** Your task **
Beginning with the line that has "Mieszkanie 3 pokoi 190 m² Jermasoja, Cypr" and ending with the line that has "Beverly Heights - photo 2", retype the entries below exactly, except for the pictures.

** Task material **
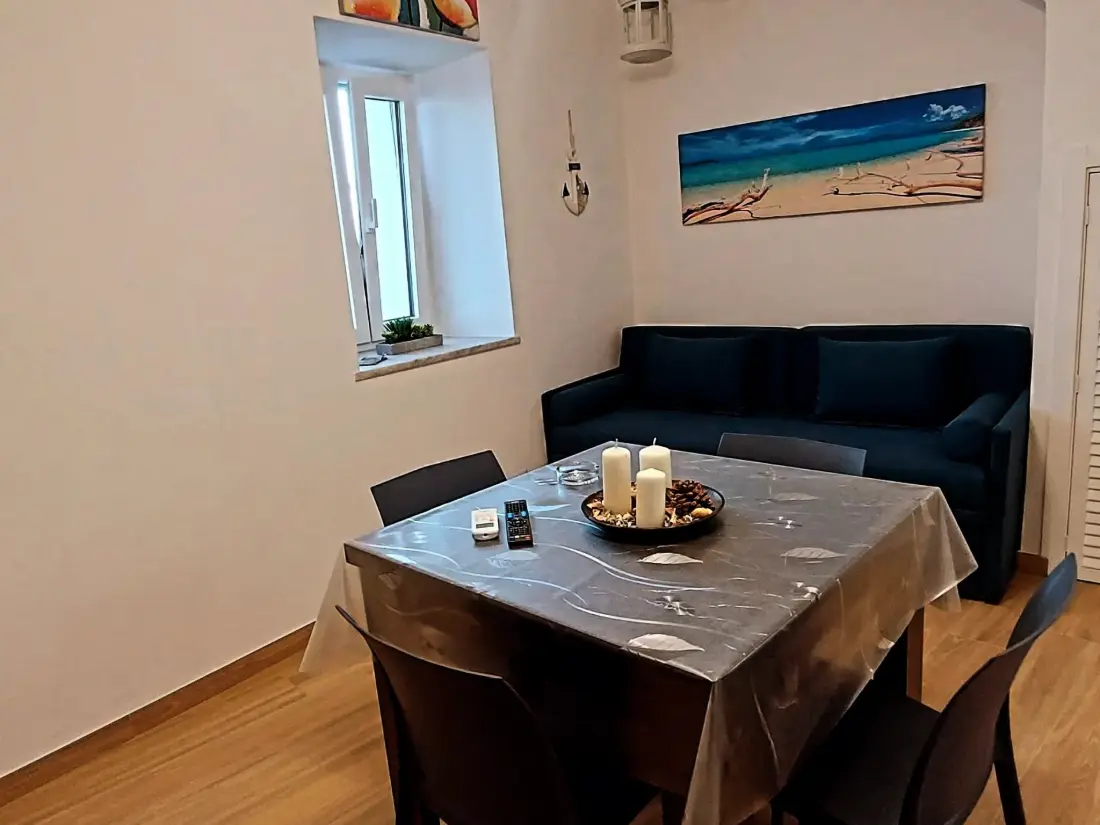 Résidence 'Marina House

---

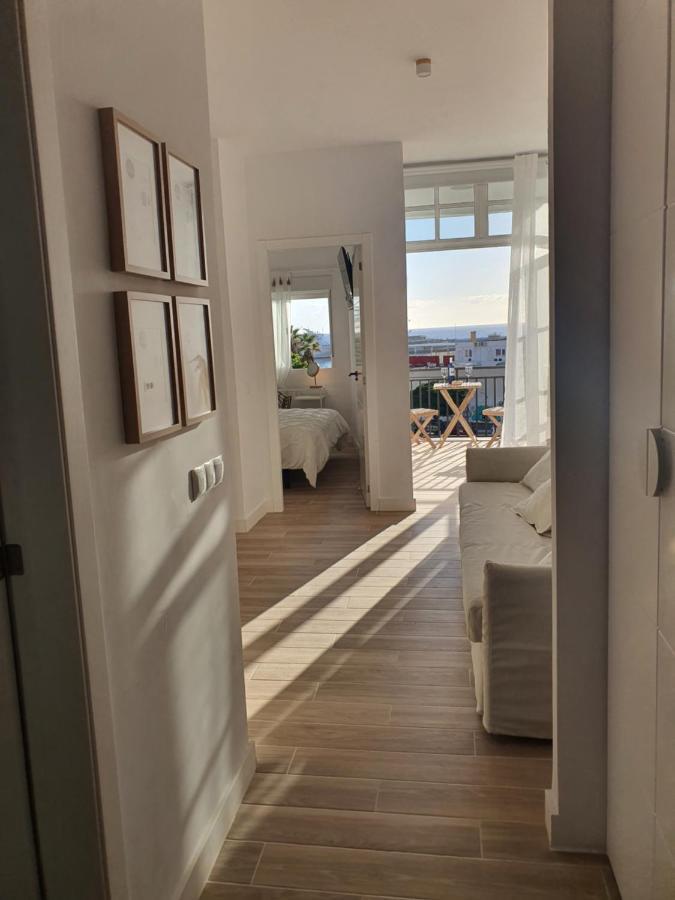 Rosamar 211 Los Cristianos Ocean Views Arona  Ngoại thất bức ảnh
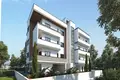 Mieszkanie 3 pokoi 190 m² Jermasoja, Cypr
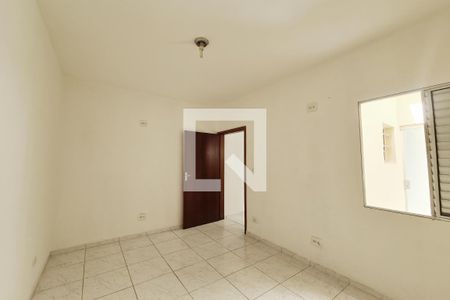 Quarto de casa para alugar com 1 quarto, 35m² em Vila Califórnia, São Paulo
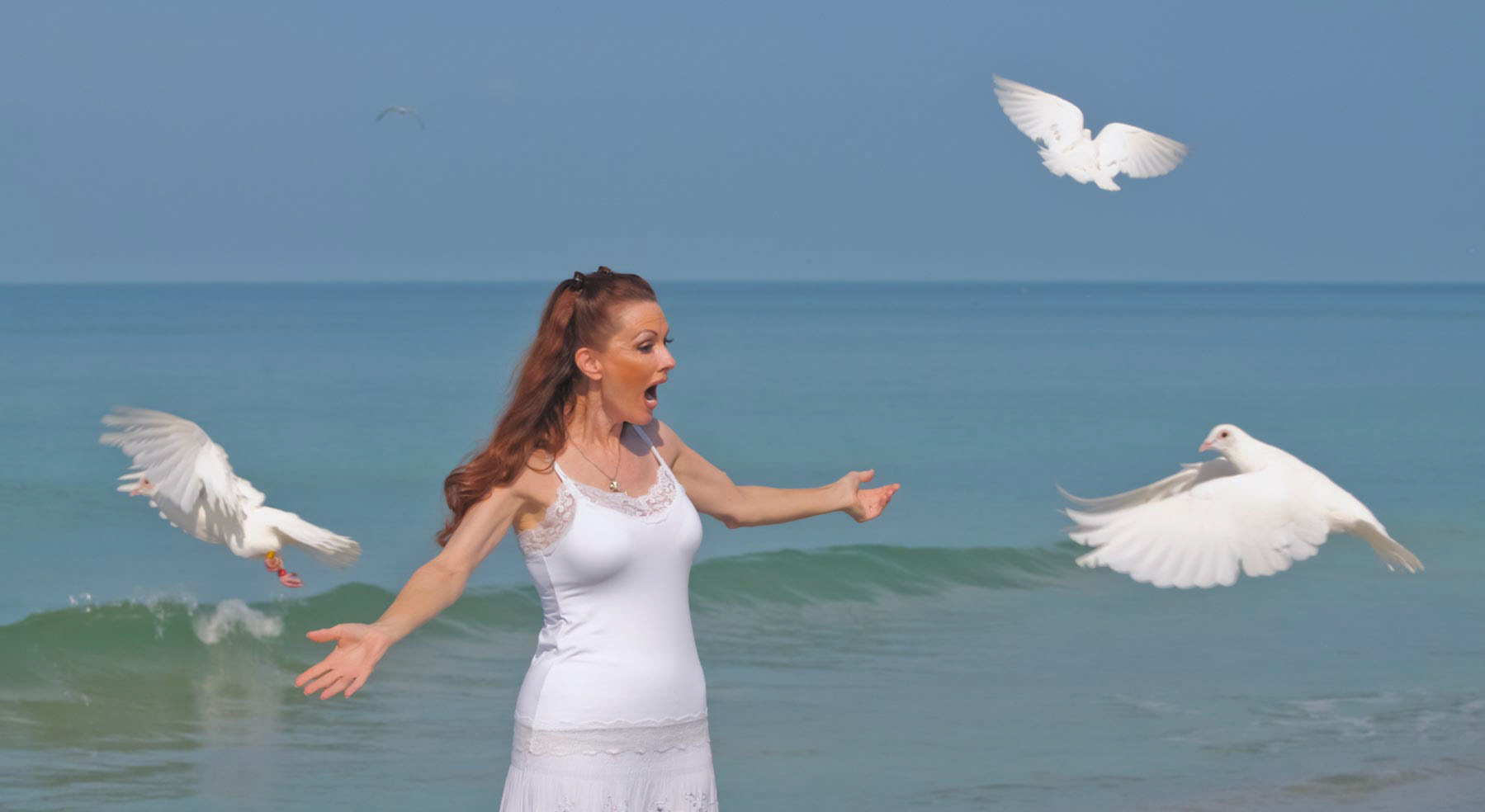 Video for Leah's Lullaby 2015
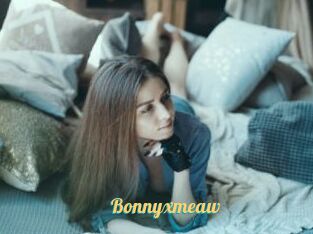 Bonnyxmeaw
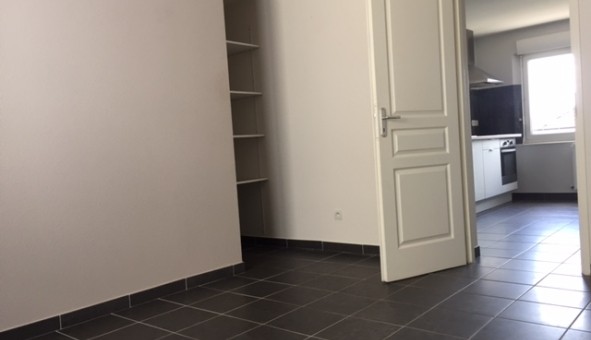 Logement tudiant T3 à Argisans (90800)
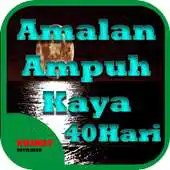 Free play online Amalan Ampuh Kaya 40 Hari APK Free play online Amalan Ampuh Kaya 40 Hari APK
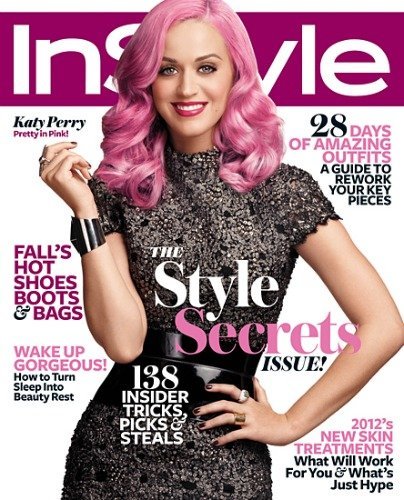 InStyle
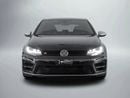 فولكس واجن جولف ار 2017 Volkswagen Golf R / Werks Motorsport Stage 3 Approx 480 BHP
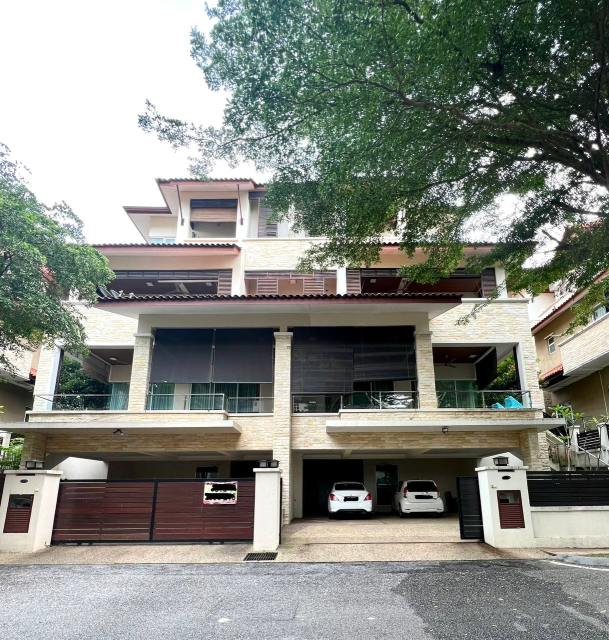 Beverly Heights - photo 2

...

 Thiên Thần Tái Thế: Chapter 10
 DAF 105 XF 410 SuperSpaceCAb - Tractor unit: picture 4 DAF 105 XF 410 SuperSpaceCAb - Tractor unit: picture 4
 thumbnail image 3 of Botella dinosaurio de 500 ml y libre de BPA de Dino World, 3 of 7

** Answer to the problem **
 Mieszkanie 3 pokoi 190 m² Jermasoja, Cypr
 Quarto de casa para alugar com 1 quarto, 35m² em Vila Califórnia, São Paulo
 Video for Leah's Lullaby 2015
 Bonnyxmeaw
 Logement tudiant T3 à Argisans (90800)
 Free play online Amalan Ampuh Kaya 40 Hari APK Free play online Amalan Ampuh Kaya 40 Hari APK
 InStyle
 فولكس واجن جولف ار 2017 Volkswagen Golf R / Werks Motorsport Stage 3 Approx 480 BHP
 Beverly Heights - photo 2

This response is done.